[Start of Attachment]
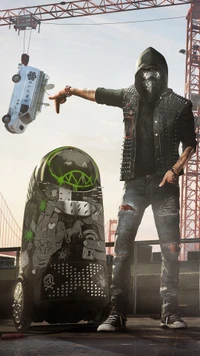 character, game, hacker, watch dogs 2 wallpaper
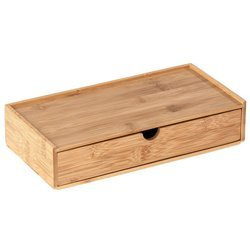 Organizer łazienkowy TERRA na drobiazgi, bambus, WENKO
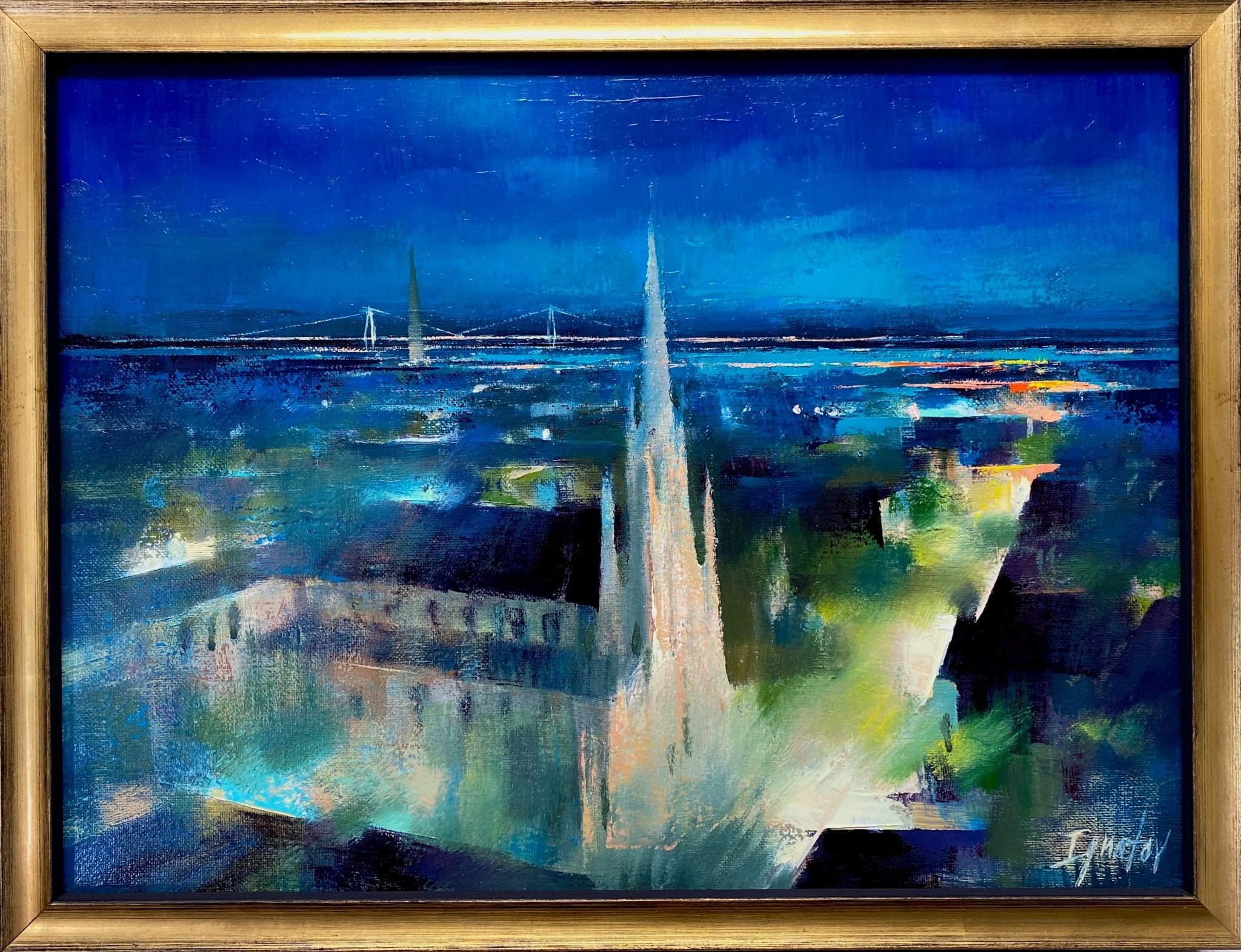 Grace Church Nocturne by Ignat Ignatov at LePrince Galleries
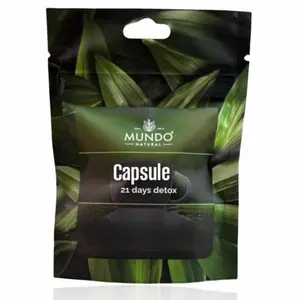 Mundo Natural 100% Organic Herbal Capsules - 11-Ingredient Optimum Nutrition Blend (Milk Thistle, Dandelion, Turmeric, Ginger Extract, Vitamin E, Grape Seed) for 21-Day Detox Support - Healthcare Dietary Supplement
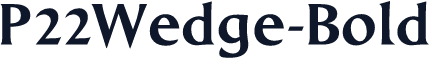 ☞P22Wedge-Bold
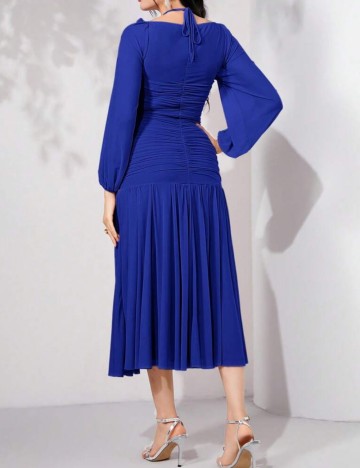 Rochie midi Shein, albastru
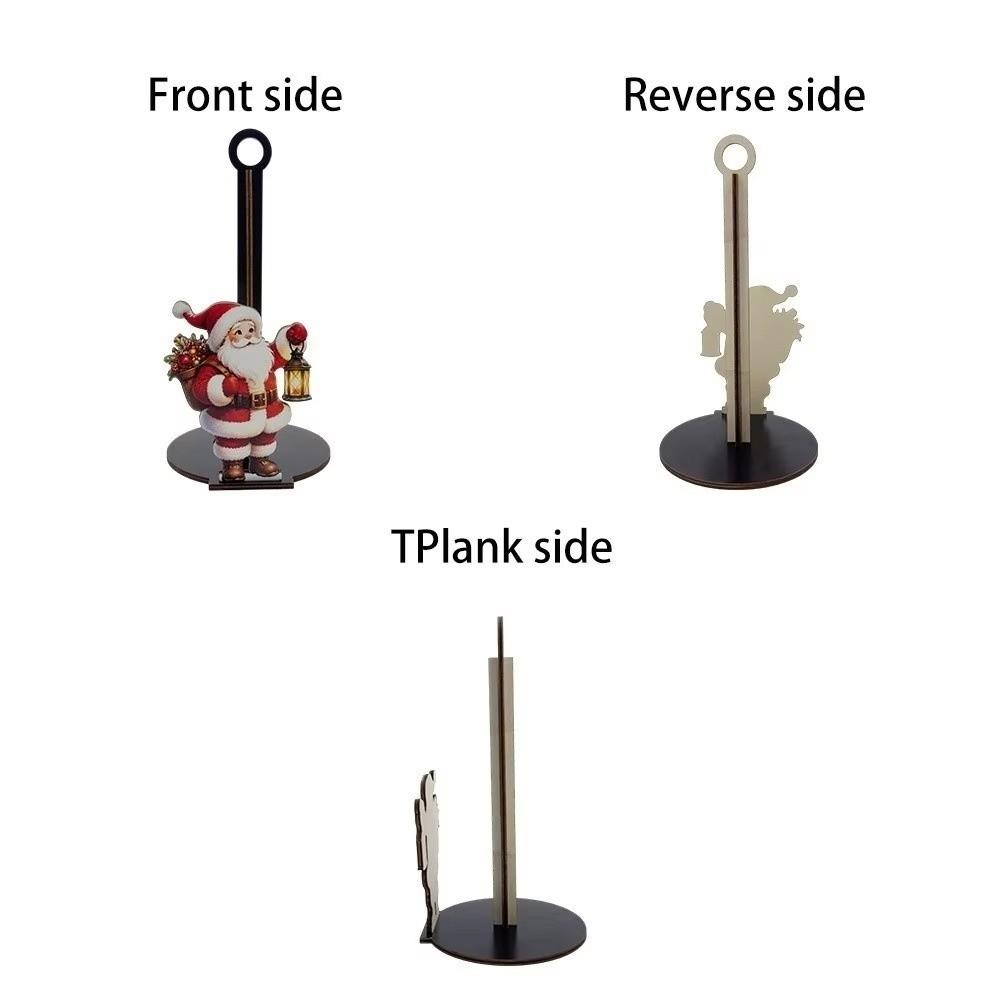 Cartoon Elk Santa Claus Paper Towel Holder For Kitchen Bathroom Dining Room
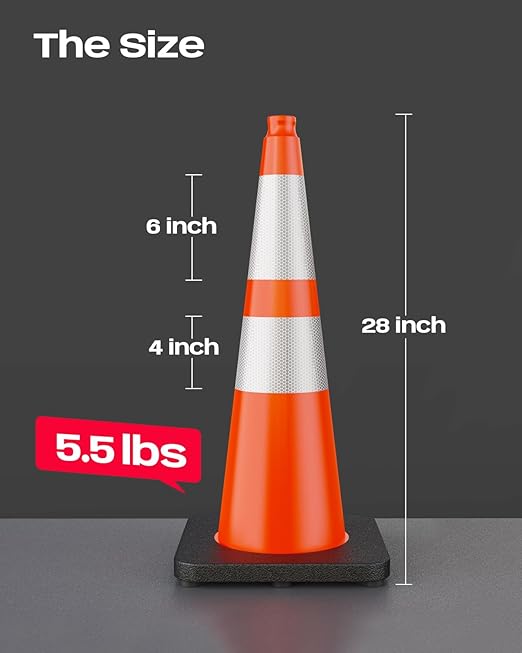 BATTIFE 28 Inch Traffic Cones - Image 7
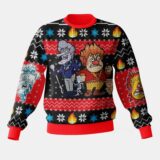 Hooktab Heat Miser & Snow Miser The Year Without a Santa Claus Ugly Christmas Sweater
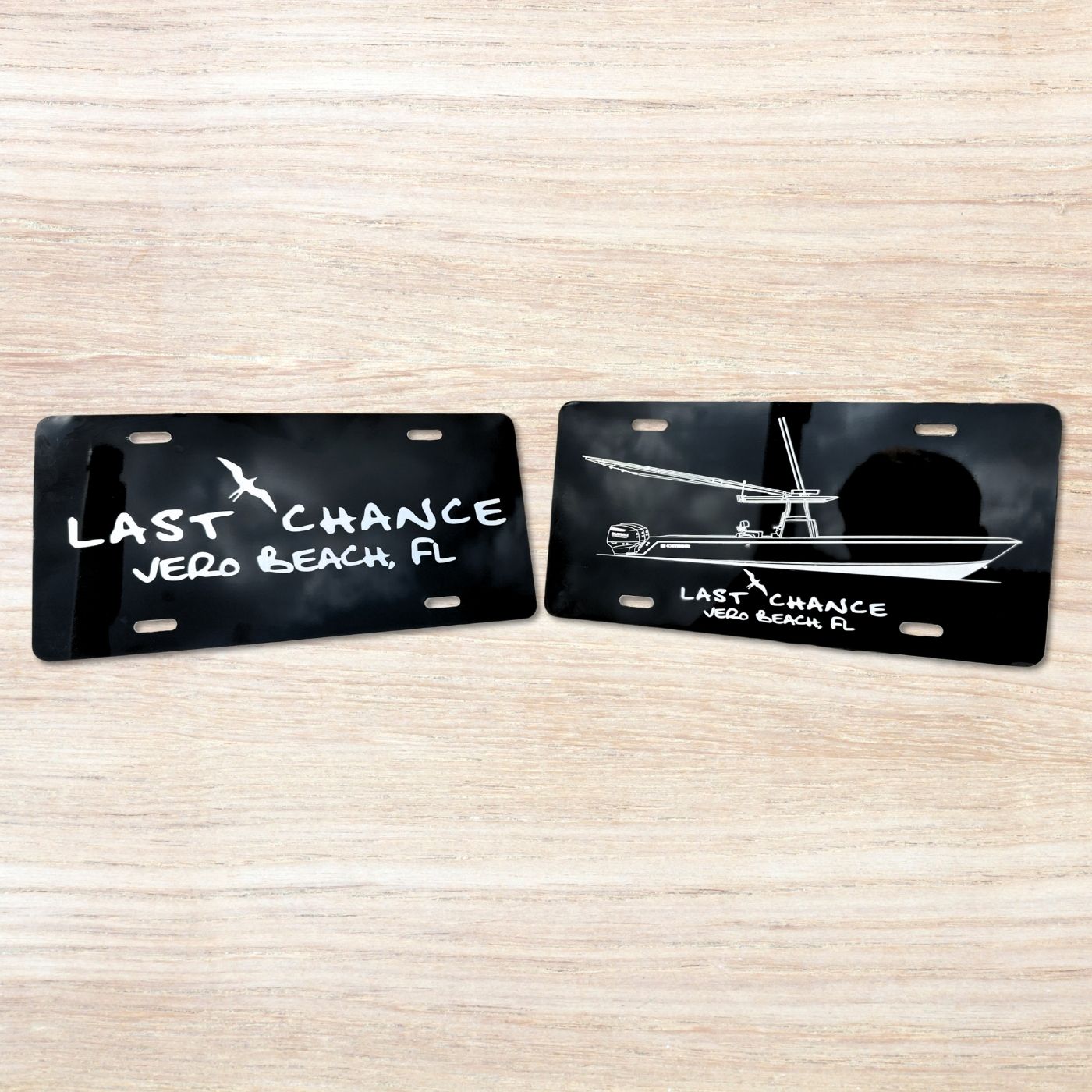 Custom Boat License Plate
[End of Attachment]
(What is needed):
Each line from the one containing "Grace Church Nocturne" through the last line above should be retyped exactly, and no other line. Any picture is to be left out.

(Solution below):
 Grace Church Nocturne by Ignat Ignatov at LePrince Galleries
 Mundo Natural 100% Organic Herbal Capsules - 11-Ingredient Optimum Nutrition Blend (Milk Thistle, Dandelion, Turmeric, Ginger Extract, Vitamin E, Grape Seed) for 21-Day Detox Support - Healthcare Dietary Supplement
 ☞P22Wedge-Bold
 Rochie midi Shein, albastru
 Cartoon Elk Santa Claus Paper Towel Holder For Kitchen Bathroom Dining Room
 BATTIFE 28 Inch Traffic Cones - Image 7
 Hooktab Heat Miser & Snow Miser The Year Without a Santa Claus Ugly Christmas Sweater
 Custom Boat License Plate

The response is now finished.